• Problem to solve:
Below is a listing. Return the lines from the one that contains "I Am His Voice" to the one that contains "Miniature Wooden Dollhouse", both ends included, verbatim and with no pictures.

• Data to process:
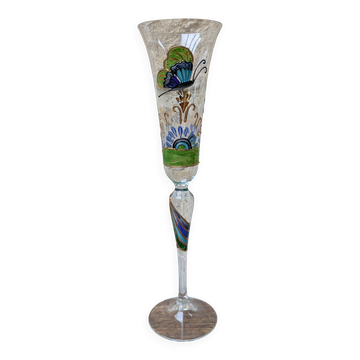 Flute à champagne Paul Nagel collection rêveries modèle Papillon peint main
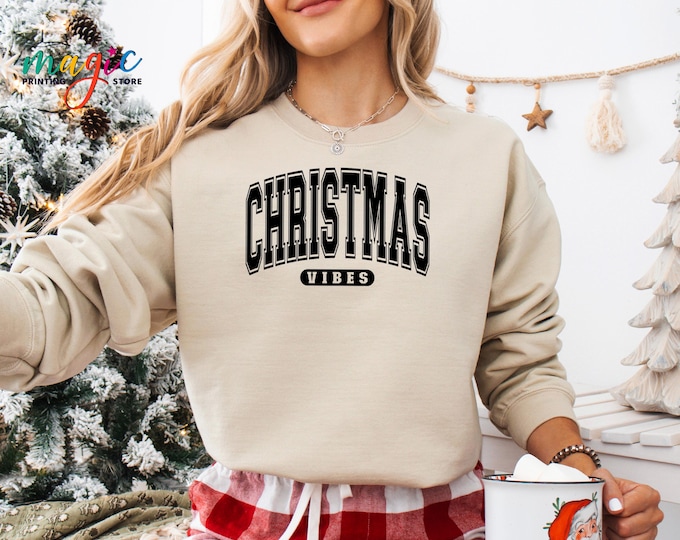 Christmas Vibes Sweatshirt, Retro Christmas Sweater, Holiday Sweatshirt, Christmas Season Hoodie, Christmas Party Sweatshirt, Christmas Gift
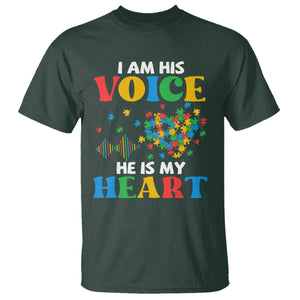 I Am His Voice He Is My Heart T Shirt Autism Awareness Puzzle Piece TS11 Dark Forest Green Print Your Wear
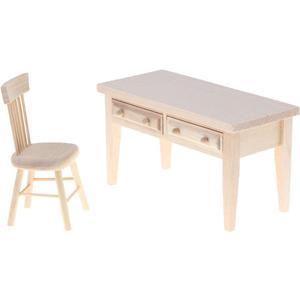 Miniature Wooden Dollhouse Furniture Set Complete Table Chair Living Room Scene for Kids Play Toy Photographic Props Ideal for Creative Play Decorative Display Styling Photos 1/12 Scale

...

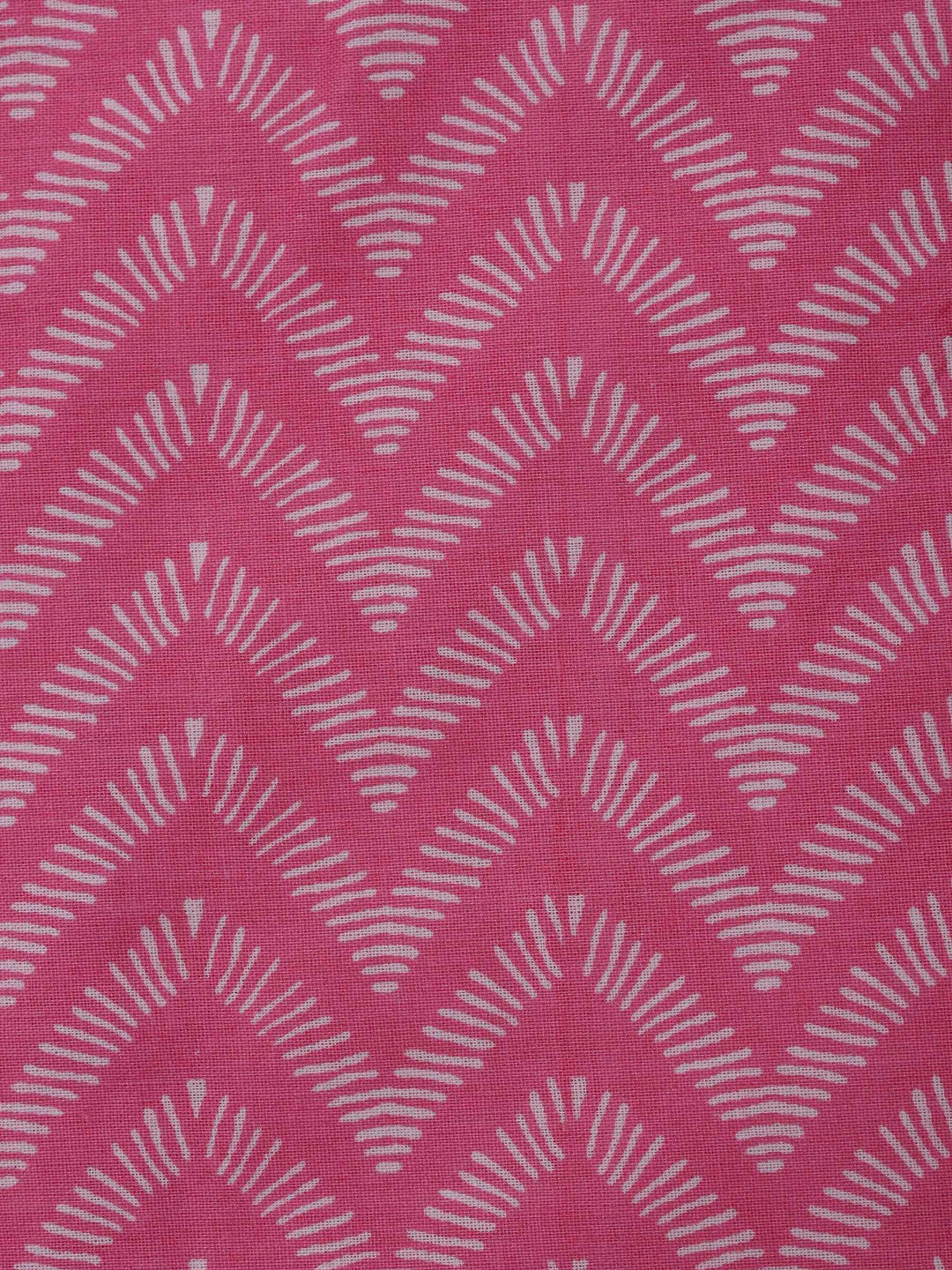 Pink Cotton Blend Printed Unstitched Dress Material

---

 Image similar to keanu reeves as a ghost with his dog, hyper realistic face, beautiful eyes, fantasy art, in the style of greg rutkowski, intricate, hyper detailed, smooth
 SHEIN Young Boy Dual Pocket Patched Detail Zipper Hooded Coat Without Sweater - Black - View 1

• Response:
 I Am His Voice He Is My Heart T Shirt Autism Awareness Puzzle Piece TS11 Dark Forest Green Print Your Wear
 Miniature Wooden Dollhouse Furniture Set Complete Table Chair Living Room Scene for Kids Play Toy Photographic Props Ideal for Creative Play Decorative Display Styling Photos 1/12 Scale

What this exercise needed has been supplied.